Su padre, el barón Maximilian von Schoenebeck, era el segundo hijo de un noble bávaro. Ejerció el aprendizaje en la caballería prusiana, “ese cuerpo desmesurado de zánganos que chocaban sables, ese estado dentro del estado, ese terreno para el jugueteo de una aristocracia insolente y ociosa”, como ella misma escribió. Le gustaba probar suerte con la ruleta, y la cocina gourmet, que él mismo practicaba con una estufa portátil que guardaba en un estuche de piel de cerdo. Lisa Bernhardt fue su segunda esposa, veinte años menor que él. Leía y hablaba francés, inglés, alemán y probablemente italiano, y tenía ambiciones como escritora, pero se distraía demasiado hablando. Bedford contó que ella le había inculcado la idea de que escribir era algo grandioso y comentó que ser educada para hablar de Dostoievski durante el desayuno había resultado una gran ventaja para poder dedicarse más tarde a la literatura.

Sybille Bedford, además de ficción, escribió libros de viajes, crónicas de casos famosos ante los tribunales —una materia que dominaba por haber estudiado leyes—, y ya cumplidos los noventa años, sus memorias. No dejó en realidad de recrear su propia vida efervescente e itinerante en casi todo lo que firmó. Intentó procesar la historia de sus orígenes en cuatro novelas, cada una de las cuales es una autobiografía familiar disfrazada de manera diferente. Leerlas es entrar en un extraño espacio de brillo lenticular, en parte debido al glamour que desprenden: Berlín, Roma, París, Nueva York, donde Bedford se mantuvo al margen de la guerra en Europa en la década de 1940, y especialmente Sanary-sur-Mer, Costa Azul, el lugar en que ella y su madre se establecieron durante algunos años entre las colonias de emigrados de las décadas de 1920 y 1930.

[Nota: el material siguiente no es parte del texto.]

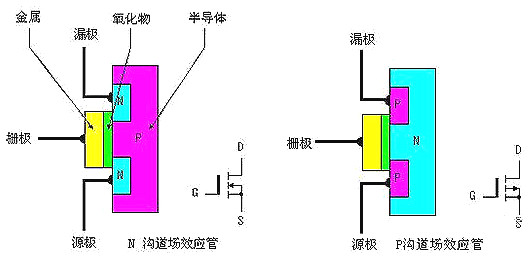 MOS管識別及MOS管和IGBT管的辨別-KIA MOS管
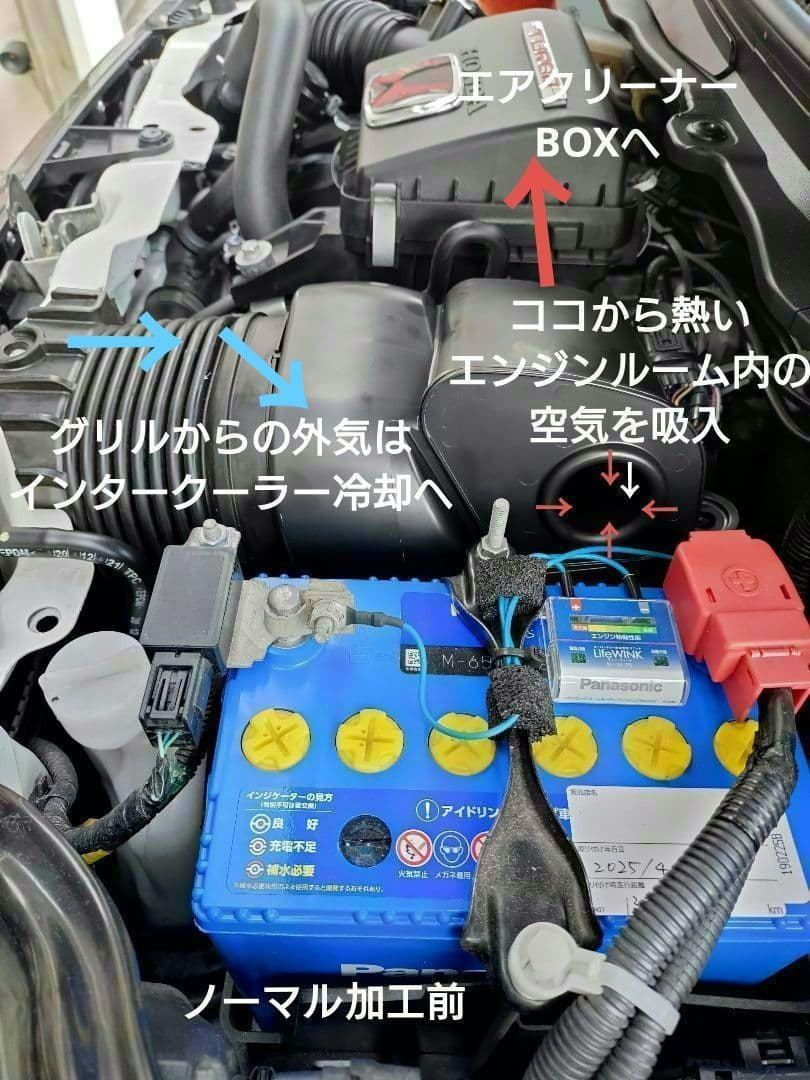 N-ONE N-BOX N-WGN エアクリーナーインタークーラーエアーガイド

Se convirtió en una especie de hija adoptada de los Huxley (Aldous). Arrastró un caniche negro a través de Estados Unidos para los Mann (Thomas); bebió cócteles en París con Jane Bowles y Martha Gellhorn; en Grasse y California cocinaba y comía con MFK Fisher y Julia Child. Y cuando se instaló en Inglaterra en la década de 1960, la popular escritora británica de cocina Elizabeth David le dijo que el fragmento de su primera novela (El legado, Ediciones Gatopardo) en que describe un almuerzo con erizos de mar es una de las expresiones más luminosas y conmovedoras del Mediterráneo que conocía. Atención: “Los erizos de mar llegaron amontonados en una pila acorazada, negra y violeta, escalonados sobre bruñidas púas, como uno de esos detalles inexplicables de un fondo renacentista, una colina con cardos y una ermita, mostrando, dentro de cada cáscara rota, el dibujo de una tierna estrella de mar”. Luego venía la lubina con su costra, recién sacada de unas llamas avivadas con romero e hinojo.